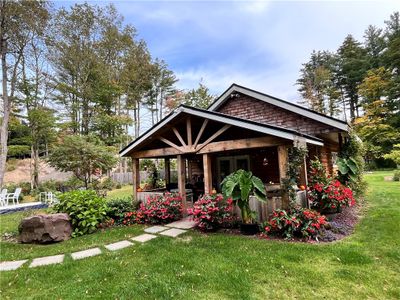 130 Base Bridge Road, Home with 1 bedrooms, 1 bathrooms and null parking in Williamstown NY | Image 2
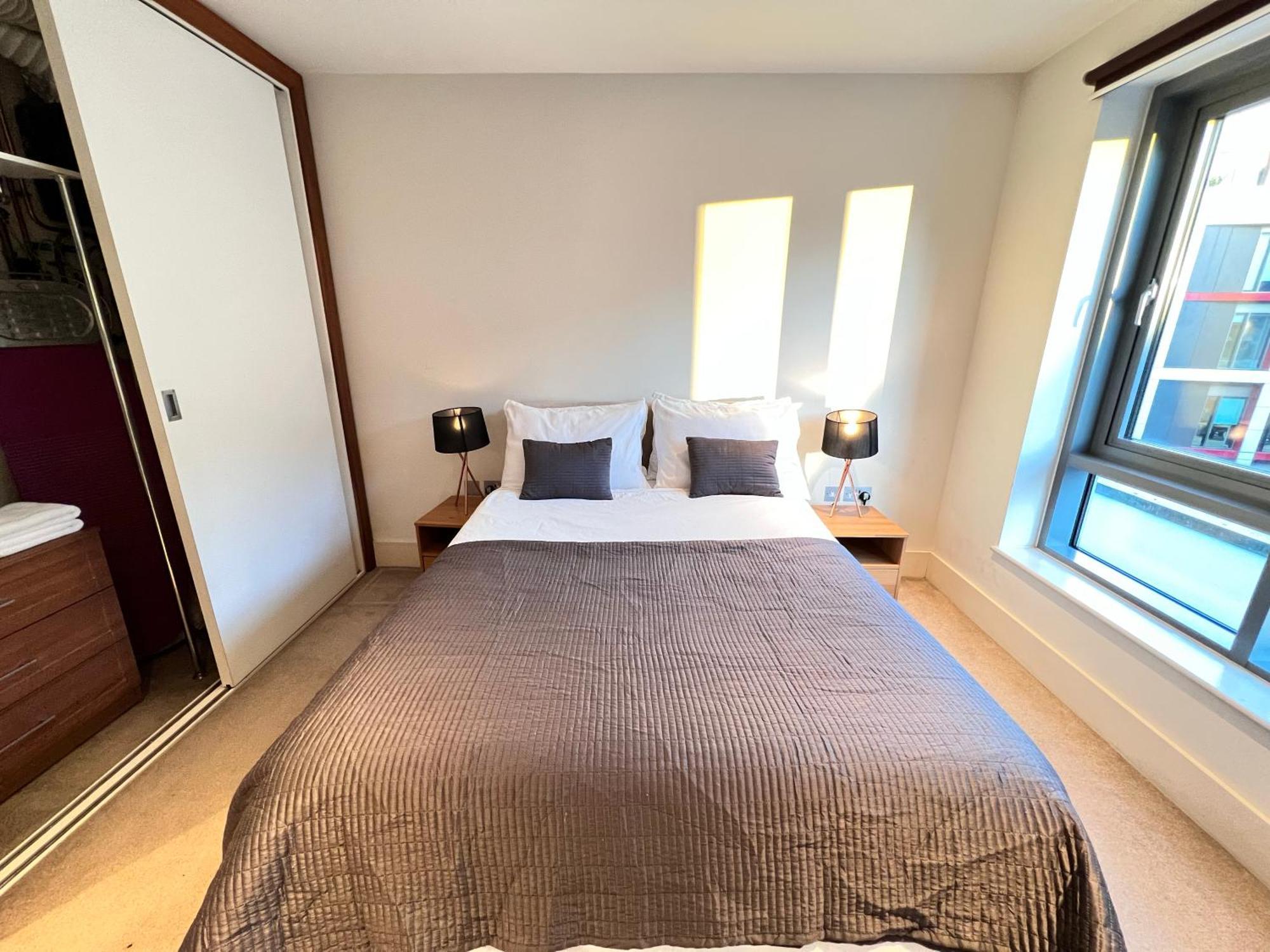 Deluxe Central Entire Flat At Farringdon Station London Exterior photo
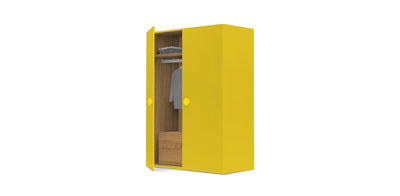 Stash Lacquered Wardrobe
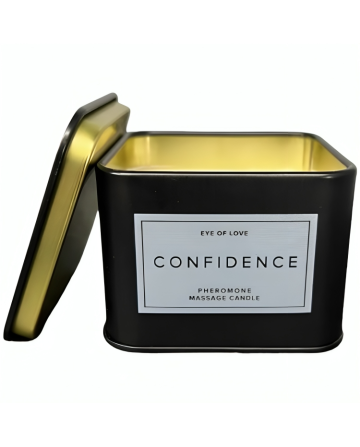 EYE OF LOVE CONFIDENCE VELA MASAJE PARA HOMBRE 150 ML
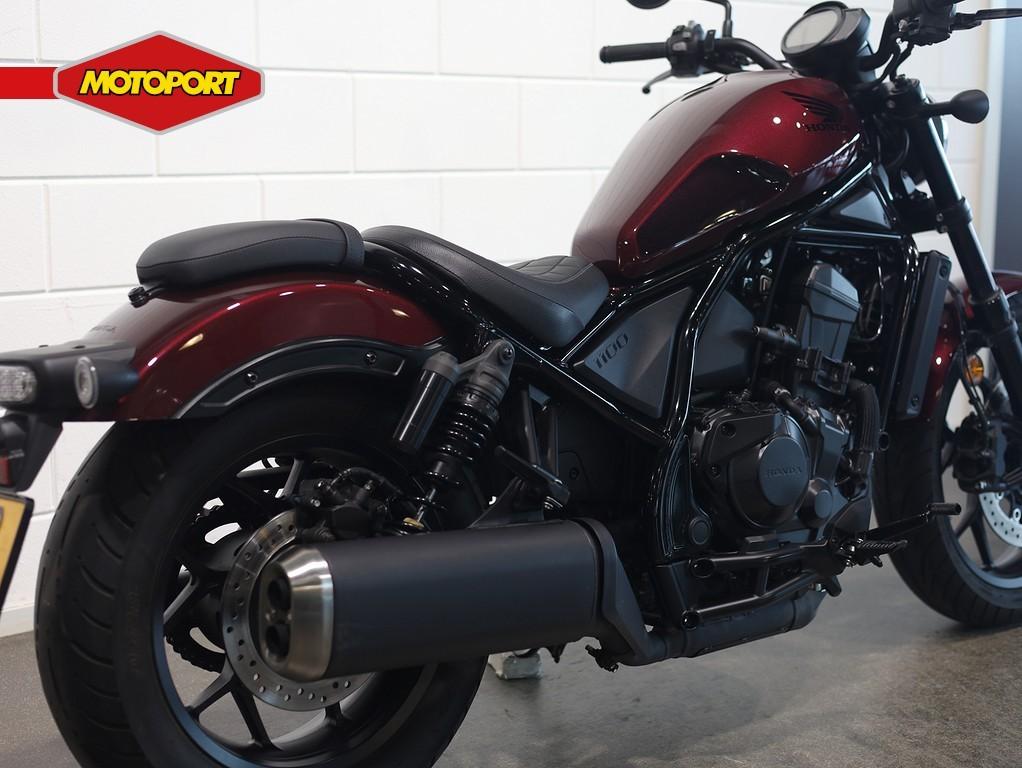 Honda CMX 1100 REBEL (bj 2021), Motoren, Chopper, Bedrijf, Mc.benelux@honda-eu.com, Honda Motor Europe Ltd Netherlands branc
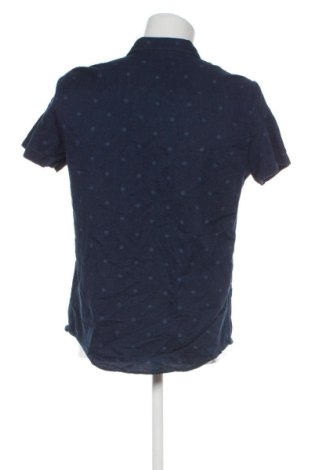 Męska koszula Clockhouse, Rozmiar L, Kolor Niebieski, Cena 78,99 zł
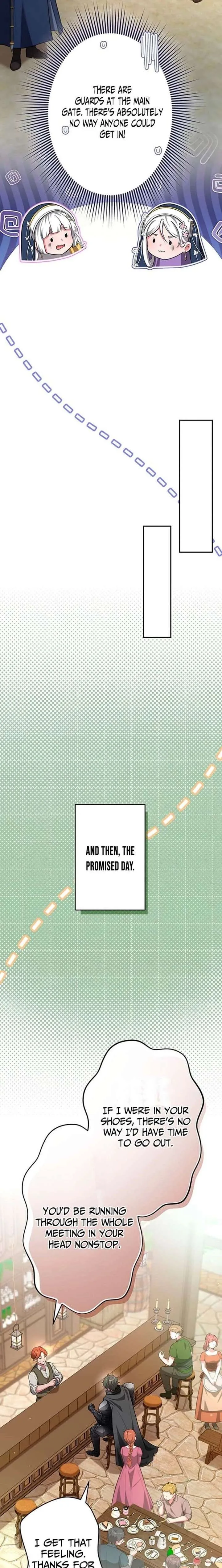 I Reincarnated as a Minor Villain Mob and Somehow Became Famous Chapter 17 page 11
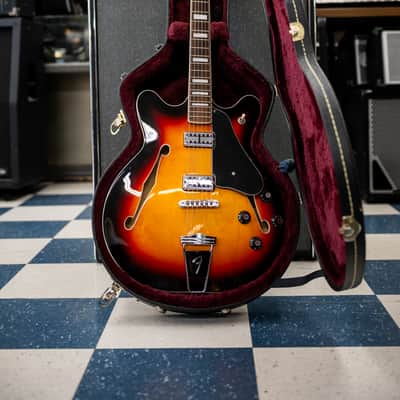 Fender Coronado ii 2014 - Gloss image 1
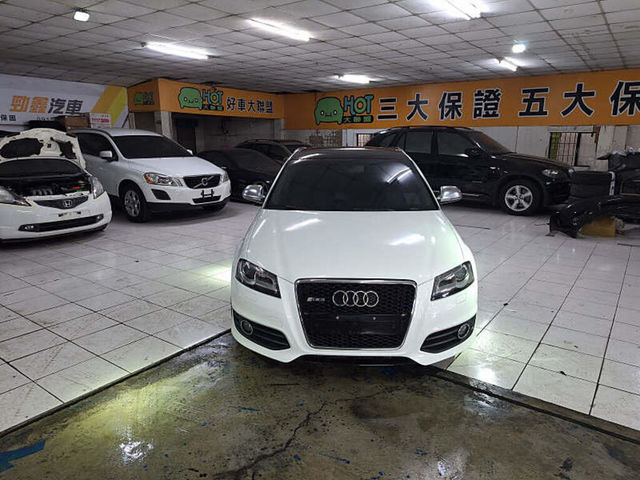 AUDI奧迪 A3  第3張相片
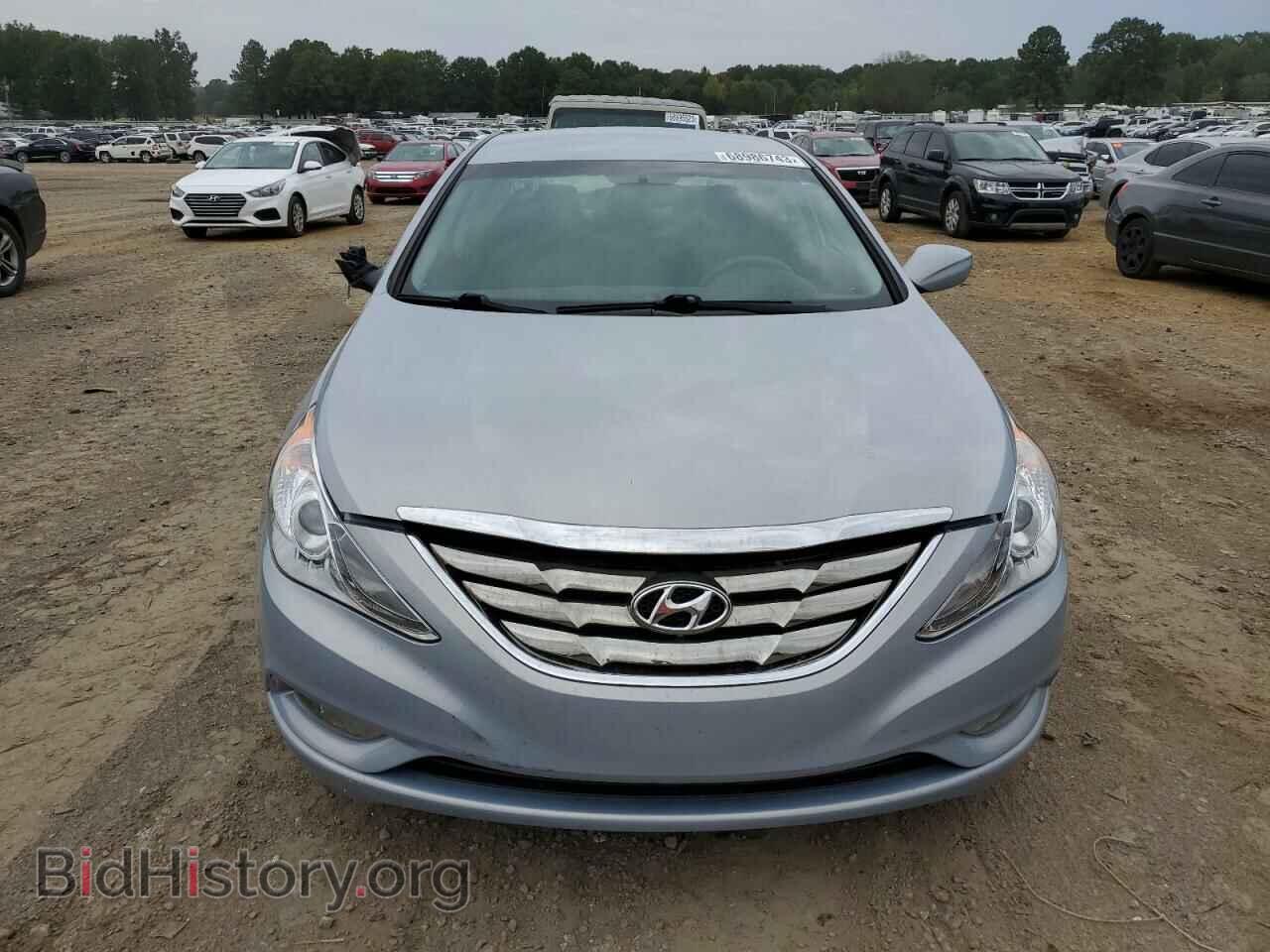 2013 HYUNDAI SONATA - VIN: 5NPEC4AC2DH764275 - Фото 5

Task details → All that is required is an exact reproduction of the lines from the one containing "I Reincarnated as" to the final line of the listing above, pictures omitted.

Exercise output →
 I Reincarnated as a Minor Villain Mob and Somehow Became Famous Chapter 17 page 11
 Fender Coronado ii 2014 - Gloss image 1
 AUDI奧迪 A3  第3張相片
 2013 HYUNDAI SONATA - VIN: 5NPEC4AC2DH764275 - Фото 5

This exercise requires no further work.